Press Release
April 2012
Alice Denison: May Day
Richard Raiselis: Facing Music
May 4 – 26 at Gallery NAGA
Alice Denison: May Day and Richard Raiselis: Facing Music is on exhibition from May 4 through 26. A reception for the artists and the public will be held at the gallery on Friday, May 4 from 6 to 8 pm.
Realistically painted with careful attention to detail, Alice Denison’s paintings, some of which are done on round panels, employ the use of flowers in unexpected ways. Isolated within the frame and painted on the top of a white background, each flower takes on a personality of its own. The overall gestalt is sentimental: some flowers feel droopy and lonesome, others appear vibrant and full of vigor, some are falling apart and others are coming to life.
“I started this body of work with a technical question that I wanted answered,” Denison says. “Can I remove the background? They aren’t landscapes, and I don’t want these to have narrative features nor do I want them to be strictly decorative. In removing the background and making the panels round, I created space without creating place. It was a complete shift in my orientation.

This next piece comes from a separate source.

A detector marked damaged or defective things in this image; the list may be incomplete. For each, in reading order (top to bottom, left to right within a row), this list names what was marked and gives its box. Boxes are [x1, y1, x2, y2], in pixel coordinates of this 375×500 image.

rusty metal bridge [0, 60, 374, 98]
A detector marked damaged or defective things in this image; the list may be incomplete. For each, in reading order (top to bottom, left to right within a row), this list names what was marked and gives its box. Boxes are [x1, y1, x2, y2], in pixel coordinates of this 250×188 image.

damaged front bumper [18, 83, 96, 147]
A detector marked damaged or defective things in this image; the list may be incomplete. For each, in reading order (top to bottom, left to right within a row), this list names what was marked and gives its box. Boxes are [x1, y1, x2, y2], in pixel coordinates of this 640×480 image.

“The rings, or round panels, really started when I was a little girl. I went to a Catholic grammar school and in May there was a gigantic statue of Mary that all the girls would make crowns for. I wanted to make one but my mother, who was not Catholic (my Dad was), did not approve. Recently my Dad died and while these aren’t about his death, nothing would’ve made him happier than seeing that his daughter has finally made a crown.

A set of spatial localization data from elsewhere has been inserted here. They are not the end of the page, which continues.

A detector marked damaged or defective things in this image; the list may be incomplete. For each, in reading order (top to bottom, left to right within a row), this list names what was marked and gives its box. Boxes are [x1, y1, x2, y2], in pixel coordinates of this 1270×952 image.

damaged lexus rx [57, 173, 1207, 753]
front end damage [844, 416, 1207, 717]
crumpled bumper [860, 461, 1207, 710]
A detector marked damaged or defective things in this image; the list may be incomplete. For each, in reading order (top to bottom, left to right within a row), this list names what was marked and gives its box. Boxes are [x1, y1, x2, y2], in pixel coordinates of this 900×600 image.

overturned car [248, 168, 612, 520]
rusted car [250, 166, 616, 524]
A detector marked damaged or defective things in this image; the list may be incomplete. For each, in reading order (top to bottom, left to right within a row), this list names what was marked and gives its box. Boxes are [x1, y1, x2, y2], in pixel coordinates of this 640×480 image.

“These paintings are not about my father’s death. They are about the questions that his death has brought about. Watching my father die and not knowing where he went is a question I keep asking.”
The subject matter in Richard Raiselis’s paintings has shifted from a lofty perch in Boston’s downtown financial district to his own neighborhood in Newton. He’s no longer looking down into the urban landscape, but up. His new subject, telephone poles and wires, form a sort of matrix of vertical and horizontal forms set against a backdrop of sky, sometimes blue, sometimes gray, and sometimes even black.
“It’s all Koko’s fault,” Raiselis says of his dog. “I walk him before sunrise and after sunset. I started looking up and seeing wires silhouetted against the sky. I had a professor at Yale, Erwin Hauer, who was a sculptor and he taught us to use sculptural principles and apply them to our painting. In other words, to approach an object from different angles when looking.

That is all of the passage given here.